Valstar.dev

Logging Slow Queries in Apollo GraphQL

13 min read


Sometimes when you’re developing you need to know what is slow so you can fix it. With Apollo your only options right now are to use Apollo Studio which has limitations or to hook your system into a telemetry system like prometheus, but what if you want something simpler?

I have released this as an NPM module as well: @mikevalstar/apolloslowquery

The Problem

Often while I’m working on a project I’ll find that a page or component will run slow, often times this ends up being the frontend waiting for the backend to respond. When this happens I will inspect the service call and try to track down what is slow.

When I was largely working with REST services this was much simpler, you would first check your database query time(s) as thats usually where the issue lies and most libraries (or the database itself) as a simple way to report on query times and can help to trace your issues. But if that wasn’t the issue, you were generally reading through a single simple path through the application to find what the issue is.

Enter GraphQL and your application is now running multiple resolvers on any given request (hopefully in parallel) and ultimately combining the data together. This can present an issue when debugging why a request is slow. Which of the resolvers is having the problem? is it because too many resolvers are being triggered in sequence? so being able to first find which queries your application is firing that are slow and tracing down which parts of the query are causing the issue can be your first step to improving the speed of your API.

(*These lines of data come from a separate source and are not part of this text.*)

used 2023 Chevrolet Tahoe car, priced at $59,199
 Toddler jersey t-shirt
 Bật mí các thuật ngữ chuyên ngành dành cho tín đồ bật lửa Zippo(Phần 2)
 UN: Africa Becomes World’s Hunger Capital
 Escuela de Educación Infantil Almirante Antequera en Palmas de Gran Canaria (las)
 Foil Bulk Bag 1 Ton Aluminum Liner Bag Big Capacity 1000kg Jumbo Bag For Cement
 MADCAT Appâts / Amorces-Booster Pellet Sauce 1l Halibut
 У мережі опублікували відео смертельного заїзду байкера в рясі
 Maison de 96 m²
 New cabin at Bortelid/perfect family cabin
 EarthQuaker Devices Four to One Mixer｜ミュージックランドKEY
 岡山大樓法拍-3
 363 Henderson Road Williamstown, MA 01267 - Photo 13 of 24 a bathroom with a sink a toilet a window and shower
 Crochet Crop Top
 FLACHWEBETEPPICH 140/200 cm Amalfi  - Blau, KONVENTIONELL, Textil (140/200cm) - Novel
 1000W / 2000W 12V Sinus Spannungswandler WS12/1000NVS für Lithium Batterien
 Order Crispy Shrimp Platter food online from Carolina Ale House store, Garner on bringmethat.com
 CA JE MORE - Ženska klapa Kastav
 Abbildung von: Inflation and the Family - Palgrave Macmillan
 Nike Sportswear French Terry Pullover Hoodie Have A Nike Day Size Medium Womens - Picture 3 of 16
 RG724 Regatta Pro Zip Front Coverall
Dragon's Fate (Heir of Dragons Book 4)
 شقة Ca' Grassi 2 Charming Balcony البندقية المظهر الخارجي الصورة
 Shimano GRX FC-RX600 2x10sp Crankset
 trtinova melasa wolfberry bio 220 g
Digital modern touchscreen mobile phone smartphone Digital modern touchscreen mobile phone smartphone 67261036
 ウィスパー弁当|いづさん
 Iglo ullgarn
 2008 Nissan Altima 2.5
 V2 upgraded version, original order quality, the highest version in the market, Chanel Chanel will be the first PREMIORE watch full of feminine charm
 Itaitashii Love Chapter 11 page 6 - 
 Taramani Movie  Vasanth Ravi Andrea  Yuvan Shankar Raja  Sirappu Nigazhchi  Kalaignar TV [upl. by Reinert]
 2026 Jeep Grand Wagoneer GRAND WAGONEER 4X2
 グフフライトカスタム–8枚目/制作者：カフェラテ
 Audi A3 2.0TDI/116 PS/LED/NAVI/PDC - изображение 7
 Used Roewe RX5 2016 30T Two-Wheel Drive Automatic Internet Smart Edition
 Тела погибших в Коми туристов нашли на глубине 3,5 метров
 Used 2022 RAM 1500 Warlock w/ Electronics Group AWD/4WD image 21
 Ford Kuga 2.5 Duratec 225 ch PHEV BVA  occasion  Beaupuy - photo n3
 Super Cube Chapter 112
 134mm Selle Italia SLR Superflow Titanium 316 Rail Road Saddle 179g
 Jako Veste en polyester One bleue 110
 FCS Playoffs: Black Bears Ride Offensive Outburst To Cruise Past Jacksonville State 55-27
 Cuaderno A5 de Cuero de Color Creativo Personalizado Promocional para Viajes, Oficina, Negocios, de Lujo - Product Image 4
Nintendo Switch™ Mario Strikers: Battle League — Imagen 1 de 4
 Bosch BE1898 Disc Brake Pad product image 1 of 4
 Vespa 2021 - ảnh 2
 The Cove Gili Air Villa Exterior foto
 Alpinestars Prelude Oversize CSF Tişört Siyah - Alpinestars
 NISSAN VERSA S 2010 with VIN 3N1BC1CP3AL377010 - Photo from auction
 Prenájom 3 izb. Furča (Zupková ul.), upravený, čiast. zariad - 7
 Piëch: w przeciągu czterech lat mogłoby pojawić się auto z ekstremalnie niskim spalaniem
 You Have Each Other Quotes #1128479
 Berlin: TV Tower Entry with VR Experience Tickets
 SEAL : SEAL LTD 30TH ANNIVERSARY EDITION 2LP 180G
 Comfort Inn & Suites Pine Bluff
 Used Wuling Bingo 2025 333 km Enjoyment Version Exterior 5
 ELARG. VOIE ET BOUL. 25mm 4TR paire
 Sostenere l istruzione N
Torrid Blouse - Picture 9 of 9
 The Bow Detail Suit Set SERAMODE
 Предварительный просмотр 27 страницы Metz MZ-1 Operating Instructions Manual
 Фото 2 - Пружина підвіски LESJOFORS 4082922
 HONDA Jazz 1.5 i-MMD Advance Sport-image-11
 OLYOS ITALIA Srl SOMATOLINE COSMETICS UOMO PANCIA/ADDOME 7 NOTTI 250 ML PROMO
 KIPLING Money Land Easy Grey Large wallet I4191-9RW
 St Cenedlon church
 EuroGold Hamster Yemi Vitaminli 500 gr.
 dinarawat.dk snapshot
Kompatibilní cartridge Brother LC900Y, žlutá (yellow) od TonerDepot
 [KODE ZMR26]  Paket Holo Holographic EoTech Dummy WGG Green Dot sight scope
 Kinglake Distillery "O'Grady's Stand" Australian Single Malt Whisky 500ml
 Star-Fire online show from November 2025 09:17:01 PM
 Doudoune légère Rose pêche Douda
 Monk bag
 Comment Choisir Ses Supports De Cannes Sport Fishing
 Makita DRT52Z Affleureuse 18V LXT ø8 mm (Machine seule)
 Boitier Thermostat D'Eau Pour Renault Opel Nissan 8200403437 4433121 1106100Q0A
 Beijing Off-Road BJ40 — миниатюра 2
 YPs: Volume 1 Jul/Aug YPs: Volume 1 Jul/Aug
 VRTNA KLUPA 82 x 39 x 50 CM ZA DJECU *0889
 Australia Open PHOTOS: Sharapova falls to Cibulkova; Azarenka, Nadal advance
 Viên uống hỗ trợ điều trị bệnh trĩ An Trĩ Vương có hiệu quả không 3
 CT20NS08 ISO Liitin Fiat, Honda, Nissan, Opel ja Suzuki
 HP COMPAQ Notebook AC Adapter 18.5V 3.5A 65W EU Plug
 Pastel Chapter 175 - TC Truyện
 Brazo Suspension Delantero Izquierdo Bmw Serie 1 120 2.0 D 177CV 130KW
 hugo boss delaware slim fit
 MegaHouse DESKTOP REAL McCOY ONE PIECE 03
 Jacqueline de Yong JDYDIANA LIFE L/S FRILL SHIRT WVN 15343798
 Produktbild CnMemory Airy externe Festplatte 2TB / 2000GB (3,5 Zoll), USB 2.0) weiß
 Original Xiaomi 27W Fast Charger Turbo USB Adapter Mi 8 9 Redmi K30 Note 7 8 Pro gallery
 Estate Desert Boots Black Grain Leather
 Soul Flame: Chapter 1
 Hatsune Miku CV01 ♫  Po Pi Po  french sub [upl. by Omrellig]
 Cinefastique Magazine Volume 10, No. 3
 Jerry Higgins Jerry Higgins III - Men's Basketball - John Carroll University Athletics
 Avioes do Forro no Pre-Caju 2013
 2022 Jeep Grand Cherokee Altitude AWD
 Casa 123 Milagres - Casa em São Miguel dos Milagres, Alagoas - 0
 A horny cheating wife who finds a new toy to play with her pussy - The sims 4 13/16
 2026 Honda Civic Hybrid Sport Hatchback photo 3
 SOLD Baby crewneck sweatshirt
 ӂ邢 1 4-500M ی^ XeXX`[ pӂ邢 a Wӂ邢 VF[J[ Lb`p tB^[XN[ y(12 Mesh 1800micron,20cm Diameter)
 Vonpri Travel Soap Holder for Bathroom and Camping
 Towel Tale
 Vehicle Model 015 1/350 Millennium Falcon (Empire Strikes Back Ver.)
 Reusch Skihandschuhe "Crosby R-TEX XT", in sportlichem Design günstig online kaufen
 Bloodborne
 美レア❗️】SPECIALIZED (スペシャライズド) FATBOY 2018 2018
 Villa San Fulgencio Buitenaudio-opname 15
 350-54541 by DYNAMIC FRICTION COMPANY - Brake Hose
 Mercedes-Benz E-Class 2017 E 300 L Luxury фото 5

So lets build an Apollo plugin that will both tell you which queries specifically are slow, but also give you insight into which resolver is the slow one!

Creating an Apollo Plugin

Our first step is to create a basic Apollo plugin and warn ourselves not to run this in production, this level of tracing will hurt overall performance of our app if it were to run in a heavy use environment.

With our plugin lets send in what we consider a slow query threshold so we’re not logging every query and start by getting the high resolution time on each request and keeping it for later so we can be extra precise.

const aServer = new ApolloServer({
  schema: schemaWithResolvers,
  plugins: [
    apolloSlowQuery({slow: 20}),
  ],
});
const apolloSlowQuery = ({slow}) => {

  return {

    // Inform the user they are doing something dangerous
    async serverWillStart() {
      console.warn('🦥 Slow query log plugin enabled! do not use in production');
    },

    async requestDidStart() {
      const queryDate = new Date();
      const reqStart = process.hrtime.bigint();
    },

  };
};

export default apolloSlowQuery;

Logging Slow Queries

Now for the most basic version we will log the time that we started the execution so we know how long the server spent parsing and waiting to run the query. and we’ll also grab the time it’s about to send the results to the client.

Additionally lets grab some additional things we’ll want to know later: what was the query?, what variables were sent?, what was our response? and the operation name from the client.

Since we’re using high resolution time, lets convert it from nano seconds to milliseconds and round to 4 decimal places so we have some reasonably easy numbers to read.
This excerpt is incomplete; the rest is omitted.